Smart Electric Meters Can Spy on Homes
Smart electricity meters provide power companies with an accurate and streamlined method of monitoring, reading and controlling a home's power usage. That convenience, however, comes at a steep price and could put homeowners' safety in jeopardy.
Researchers examining the privacy implications of smart-meter technology found that one German provider's devices contained vulnerabilities that allowed them to snoop on unencrypted data to determine whether or not the homeowners were home.

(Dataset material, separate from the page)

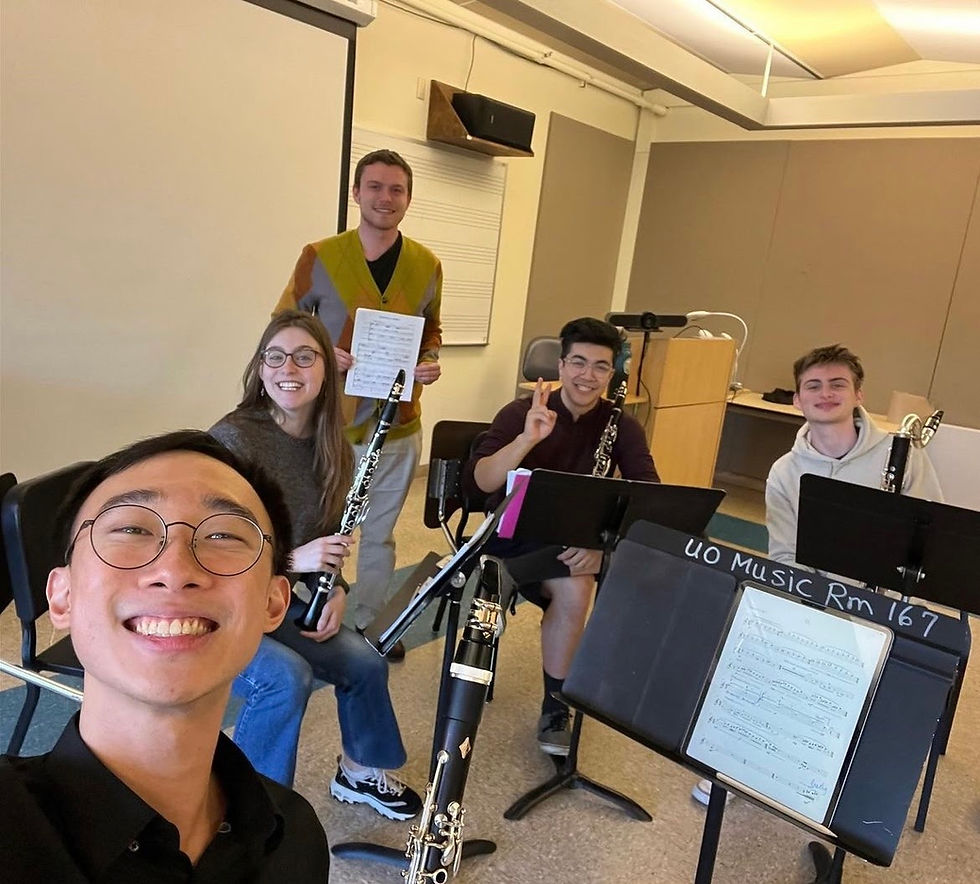 Kevin with the QWAK clarinet quartet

After signing up with the German smart-meter firm Discovergy, the researchers detected that the company's devices transmitted unencrypted data from the home devices back to the company's servers over an insecure link. The researchers, Dario Carluccio and Stephan Brinkhaus, intercepted the supposedly confidential and sensitive information, and, based on the fingerprint of power usage, were able to tell not only whether or not the homeowners were home, away or even sleeping, but also what movie they were watching on TV.
The problem, the researchers explained, stems from Disovergy's monitoring frequency; the devices log homeowners' electricity usage in 2-second intervals, a timeframe they deemed unnecessary and intrusive. The two-second reporting interval provides so much data that they were able to accurately chart power usage spikes and lulls indicative of times a homeowner would be home, asleep or away.
Carluccio and Brinkhaus presented their research in a presentation titled "Smart Hacking for Privacy" at the Chaos Computing Congress in Berlin on Dec. 30.
Flaws in Discovergy's Web interface also enabled the researchers to send back rigged meter readings to the company, and to tap into the company's servers and obtain a complete record of all the information collected by a home's smart meter.
During the presentation, the CEO of Discovergy, Nikolaus Starzacher, came on stage and vowed to resolve the security glitches "as quickly as possible," the security firm Sophos reported. Starzacher explained that his company used a two-second monitoring interval to provide services to the homeowners like notifying them if they left an iron or stove on by accident. He said he would make the data collection interval configurable in the future.